The author notes that the relationship between Africa and Europe is deteriorating, a circumstance that other powers are taking advantage of to strengthen their presence on the continent. The European Union’s (EU) actions have not borne fruit. On the political front, democracy and human rights have been promoted by funding and supporting local civil societies and sanctioning serious violators. On the economic front, Economic Partnership Agreements (EPAs) have been signed and development assistance provided. On the security side, training missions have been deployed or African Union (AU) missions have been financed.

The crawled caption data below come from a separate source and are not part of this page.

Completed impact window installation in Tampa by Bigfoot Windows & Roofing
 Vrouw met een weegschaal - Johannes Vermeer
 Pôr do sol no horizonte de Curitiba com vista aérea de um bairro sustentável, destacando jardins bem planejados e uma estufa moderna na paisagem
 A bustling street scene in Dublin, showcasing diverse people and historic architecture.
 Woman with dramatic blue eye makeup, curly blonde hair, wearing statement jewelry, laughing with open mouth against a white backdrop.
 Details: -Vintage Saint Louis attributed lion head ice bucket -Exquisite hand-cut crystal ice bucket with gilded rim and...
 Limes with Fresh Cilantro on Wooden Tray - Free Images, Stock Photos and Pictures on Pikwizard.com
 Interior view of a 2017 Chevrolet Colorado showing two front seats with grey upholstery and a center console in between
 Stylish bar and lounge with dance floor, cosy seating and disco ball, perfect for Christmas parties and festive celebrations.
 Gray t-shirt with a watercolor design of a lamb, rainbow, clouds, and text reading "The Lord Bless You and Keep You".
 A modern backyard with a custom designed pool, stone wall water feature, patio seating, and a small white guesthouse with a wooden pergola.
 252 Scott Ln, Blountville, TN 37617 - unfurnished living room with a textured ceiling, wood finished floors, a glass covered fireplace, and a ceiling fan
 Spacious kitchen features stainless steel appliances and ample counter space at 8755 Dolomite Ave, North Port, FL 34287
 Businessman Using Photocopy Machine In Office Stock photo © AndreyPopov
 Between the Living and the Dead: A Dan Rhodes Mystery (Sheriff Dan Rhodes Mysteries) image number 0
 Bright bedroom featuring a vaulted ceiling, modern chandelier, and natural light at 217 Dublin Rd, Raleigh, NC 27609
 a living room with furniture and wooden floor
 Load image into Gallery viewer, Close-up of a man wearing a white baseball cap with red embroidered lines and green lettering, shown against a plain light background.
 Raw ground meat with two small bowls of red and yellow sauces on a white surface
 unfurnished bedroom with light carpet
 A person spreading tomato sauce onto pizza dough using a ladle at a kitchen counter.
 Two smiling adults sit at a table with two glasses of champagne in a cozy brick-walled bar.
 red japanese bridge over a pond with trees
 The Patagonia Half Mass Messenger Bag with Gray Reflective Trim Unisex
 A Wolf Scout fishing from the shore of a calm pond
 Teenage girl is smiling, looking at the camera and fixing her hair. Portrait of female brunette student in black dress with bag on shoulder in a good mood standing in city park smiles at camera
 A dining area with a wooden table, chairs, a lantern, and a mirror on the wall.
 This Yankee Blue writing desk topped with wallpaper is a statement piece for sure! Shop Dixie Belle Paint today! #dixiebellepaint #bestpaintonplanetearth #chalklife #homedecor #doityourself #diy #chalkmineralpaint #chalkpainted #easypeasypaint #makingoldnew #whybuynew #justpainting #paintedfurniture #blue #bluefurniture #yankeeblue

To recover the links, Robredo makes several proposals: ‘On the political level, I believe that the EU (and Spain with it) should begin to conceive its values as long-term interests, to work with the population and not with its governments, while the dialogue with each specific government is more transactional, focused on short- and medium-term interests. It is not about putting interests before values, as China or Russia, for example, do, but about articulating them in such a way that they reinforce rather than cancel each other out. In terms of the economy, Robredo advocates technical support and the promotion of African integration. And in terms of security, he advocates ‘African solutions to African problems’, as called for by the AU.
Latin America’s international position
Erika M. Rodríguez Pinzón, PhD in International Relations, professor at the Complutense University of Madrid and special advisor to the EU High Representative, deals with the chapter ‘Latin America, the challenge of a new model of international integration’. In the text, she stresses that the region is ‘trying to redefine its international position’ in times of transition or accelerated change and great instability. In the face of this attempt, ‘the lack of capacity to generate an effective, sustainable and institutionalised integration process’ is seen as an obstacle.
Rodríguez Pinzón examines the role of Latin America in the struggle between China and the United States, the impact of electoral changes, the responses of the main countries in the region to the wars in Ukraine and Gaza, the growing insecurity caused by organised crime and drug trafficking, with ‘a human, political and economic cost as high as that of traditional wars’, uncontrolled migrations and the extraordinary opportunities in the energy transition towards renewables.
In the face of the perception of insecurity and ineffectiveness of public policies,’ she states, “the ”iron fist policies’ have gained momentum throughout the region and among all ideological spectrums, which not only are far from presenting sustainable results, but also erode democracy by weakening the rule of law, unsustainably increasing the prison population and generating a substratum of polarisation that tends to widen social gaps’.
She also reflects on international investments and the decisive importance of Latin America in the agenda of sustainability, mitigation and adaptation to climate change. With 40% of the world’s biodiversity, 25% of the world’s forests, its power in electricity generation and strategic minerals, and some of the world’s main producers of oil, gas and biofuels, the region is essential in the energy transition.